Making a proper lesson plan

For teaching special children, teachers have to make lesson plans and provide either accommodation or modification to enable students with special education to have optimum success.

The four areas that are included to make special accommodation to support students with special needs are

1.) Instructional Materials
2.) Vocabulary
2.) Lesson Content
4.) Assessment

The following points are considered while planning the lesson plan.

Instructional Materials:

Are the materials you select for the instruction conducive to meeting the child(ren) with special needs?

Can they see, hear or touch the materials to maximize learning?

Are the instructional materials selected with all of the students in mind?

What are your visuals and are they appropriate for all?

What will you use to demonstrate or simulate the learning concept?

What other hands on materials can you use to ensure that the students with needs will understand learning concepts?

If you are using overheads, are there extra copies for students who need to see it closer or have it repeated?

Does the student have a peer that will help?


Do the students understand the vocabulary necessary for the specific concept you are going to teach?

Is there a need to focus first on the vocabulary prior to starting the lesson?

How will you introduce the new vocabulary to the students?

What will your overview look like?

How will your overview engage the students?

Lesson Content

Does your lesson focus completely on the content, does what the students do extend or lead them to new learning? (Wordsearch activities rarely lead to any learning)

What will ensure that the students are engaged?

What type of review will be necessary?

How will you ensure that students are understanding?

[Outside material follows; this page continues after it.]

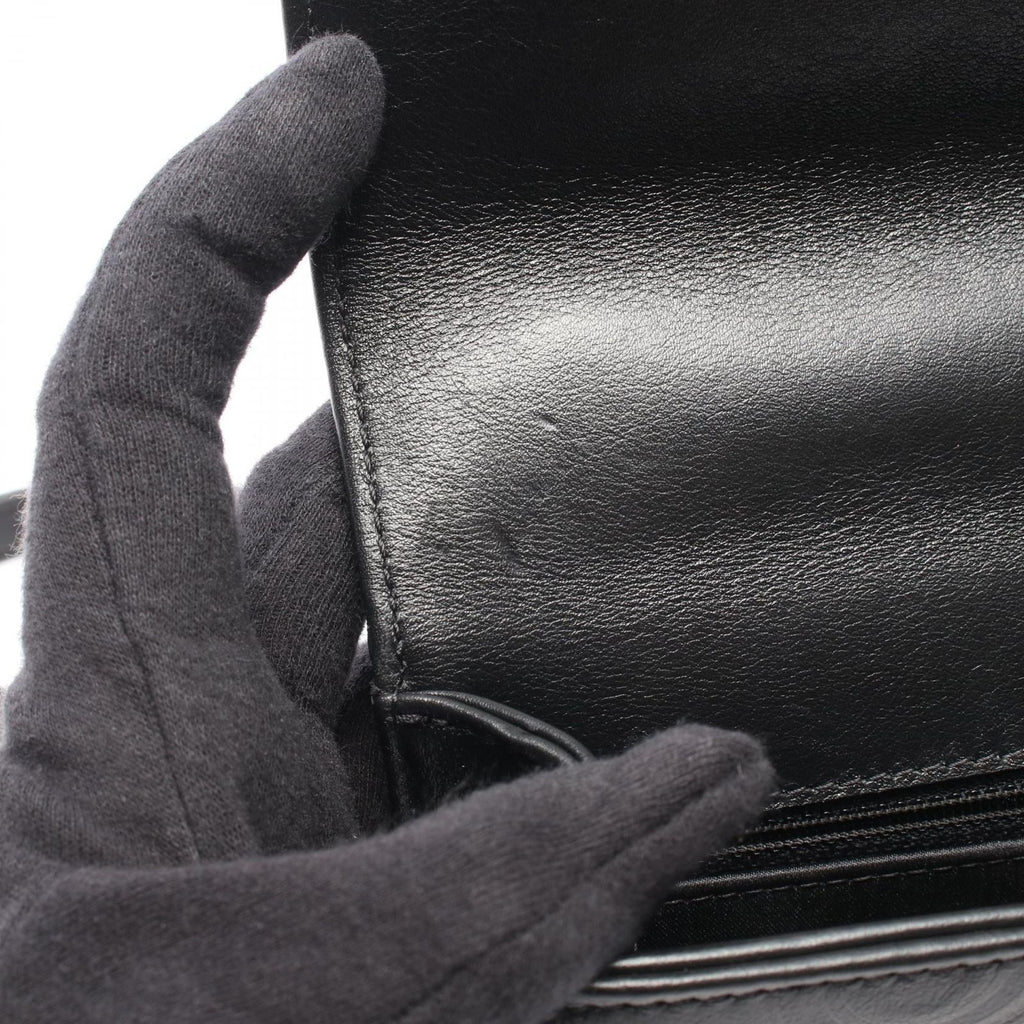 Chanel Shoulder Bag Coco Embossed Small Flap Black Leather Chain — view 6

Have you built in time for a breakout or change in activity?

Many children have difficulty sustaining attention for lenghty periods of time. Have you maximized assistive technology where appropriate for specific students?

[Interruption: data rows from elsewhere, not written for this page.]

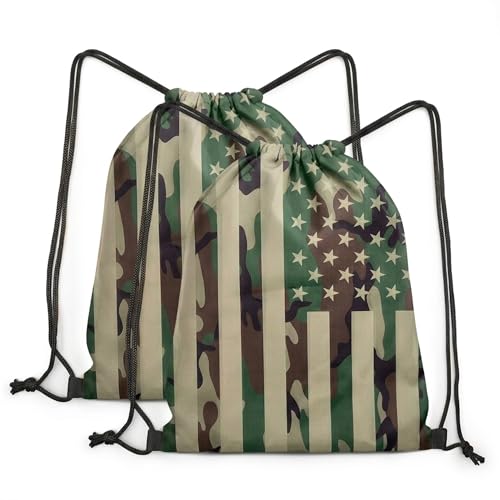 American Flag Drawstring Backpack, Lightweight Cinch String Sports Sackpack for Men & Women,pack of 2 - color: Americanflag-camo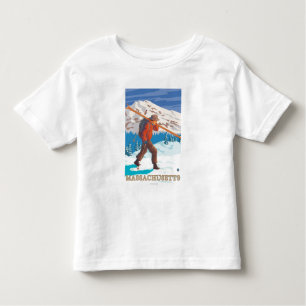 MassachusettsSkier Carrying Skis Toddler T-Shirt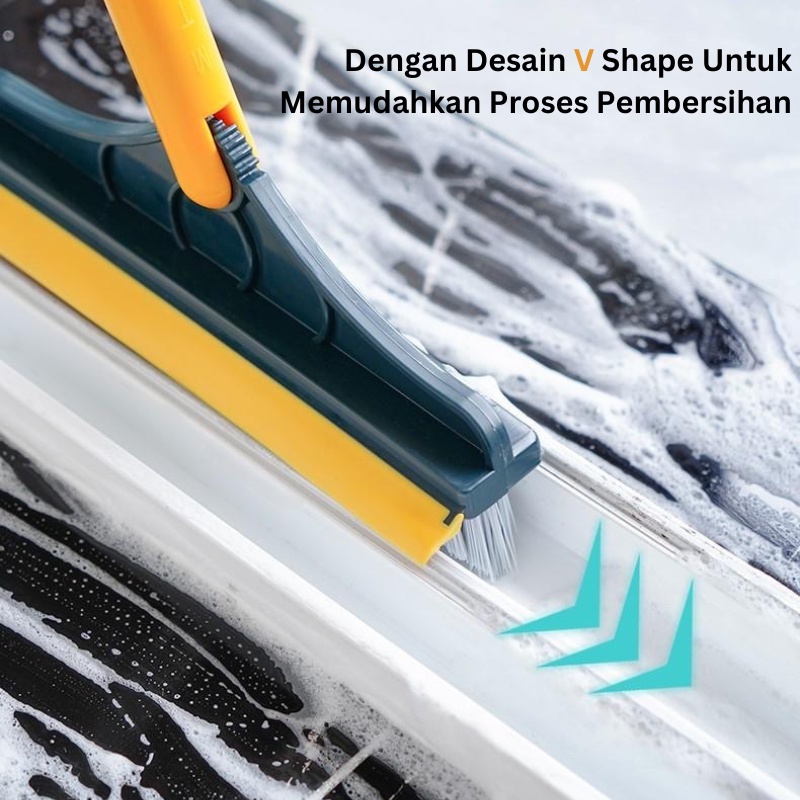 CEO Sikat Lantai Pembersih Lantai dan Dinding Kamar Mandi V shape Gagang Panjang Portable Sapu Lancip Model V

Do the students have a element in choice for the learning activities?

Have you addressed the multiple learning styles?

Do you need to teach the student specific learning skills for the lesson? (How to stay on task, how to keep organized, how to get help when stuck etc).

What strategies are in place to help re-focus the child, continue to build self-esteem and prevent the child from being overwhelmed?


Do you have alternate means of assessment for students with special needs (word processors, oral or taped feedback)?

Do they have a longer time lines?

Have you provided checklists, graphic organizers, or/and outlines?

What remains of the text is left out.